More Espresso Coffee Recipes
ESPRESSO RISTRETTO
Use the same preparation method as a basic espresso except dispense
only 1 oz. (or less) water through the espresso grounds with an
extraction time of 18-20 seconds. Ideally, the grind is adjusted
slightly finer; however the slow extraction can be accomplished by
tamping or pressing the coffee with extra pressure. This process
yields an intense espresso flavor.
DOPPIO
A double shot of espresso. (Doppio means double in Italian).
ESPRESSO LUNGO
A single serving of espresso, "pulled long" to yield a larger
serving. Dispense 2 to 3 oz of water through the espresso grounds
with a longer extraction time of 25 - 40 seconds.
ESPRESSO CON PANNA
A single espresso topped with a dollop of whipped cream.
ESPRESSO BREVE
A single shot of espresso with heated half & half milk added.
ESPRESSO ROMANO
Make the basic espresso and serve with a twist or slice of lemon.

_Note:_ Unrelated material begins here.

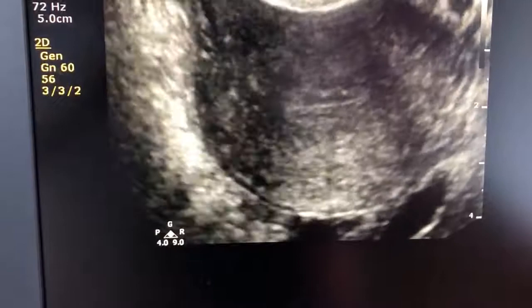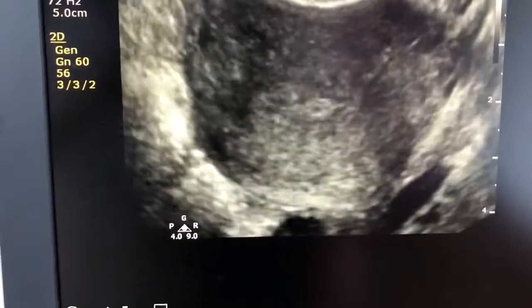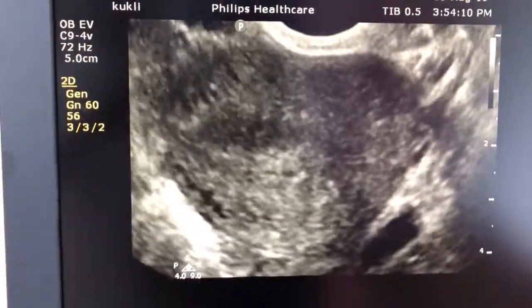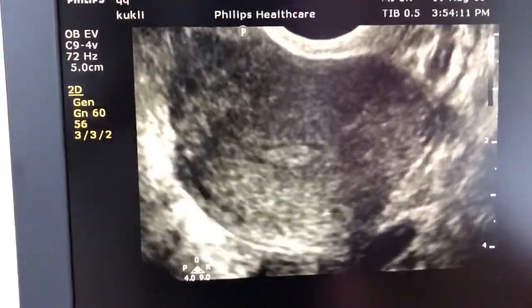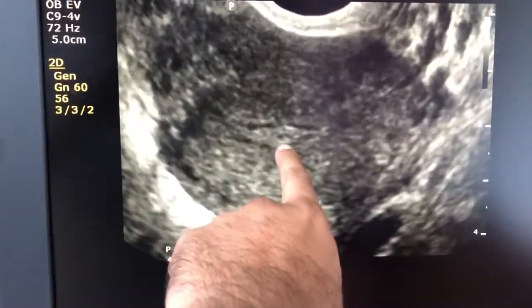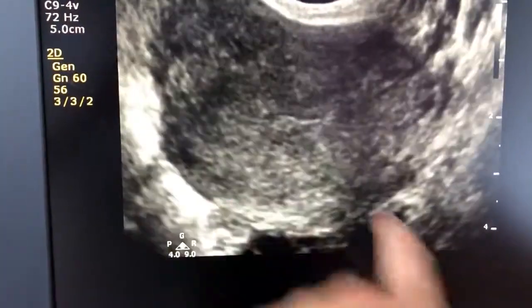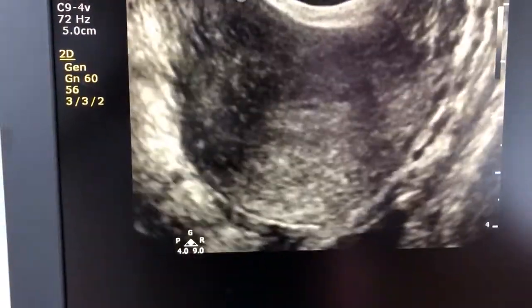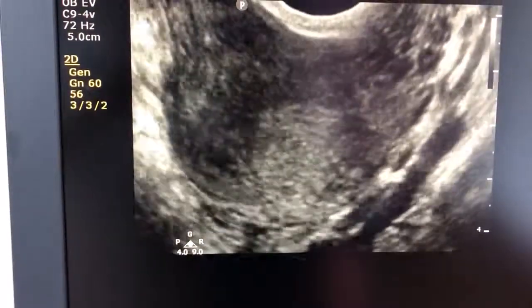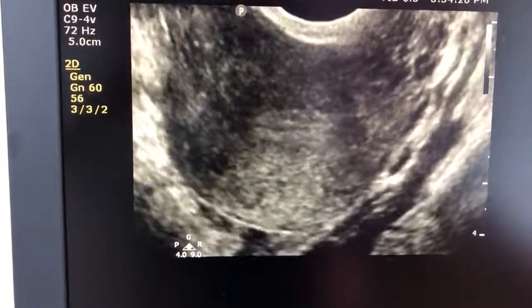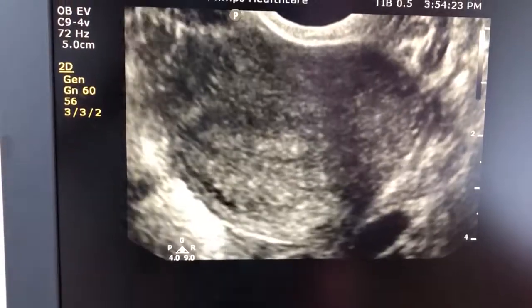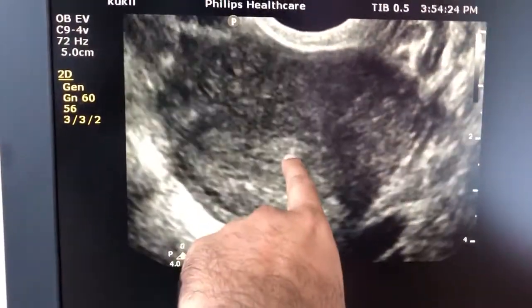We will see this in the transverse view. In the transverse view, here is the polyp. Now going towards the lower side of the endometrial cavity, there is no polyp. Again at the fundal side, this is the polyp.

Although this presentation is often thought to be Italian, Italians
refuse to claim this tradition as their own. Many coffee aficionados
believe the lemon interferes with the espresso's delicate flavour
balance.
ESPRESSO CUBANO
Double short shots brewed with raw sugar.
CAFE LATTE
Make a single shot of espresso. Add steamed milk to fill an 8 to 10
oz. latte mug (preferably clear). Lattes are frequently flavored
with Italian syrups. Nut flavors such as hazelnut and almond are
among the most popular additions
MOCHACCINO
A single shot of espresso mixed to taste with chocolate syrup or
powder and 5 oz. steamed milk. Top with peaked milk foam.
CAFE MOCHA
A single espresso poured into a tall glass filled with steamed milk
to which a spoonful of chocolate syrup is added. Top with whipped
cream and garnish with chocolate flakes
.
ICED CAPPUCCINO
Pour one shot of freshly brewed espresso over ice and add 3 oz. cold
milk. Espresso looses its flavor quite rapidly therefore, using
prepared espresso is not recommended. Spoon foamed milk on top to
create a layer of foam. Sweeten to taste.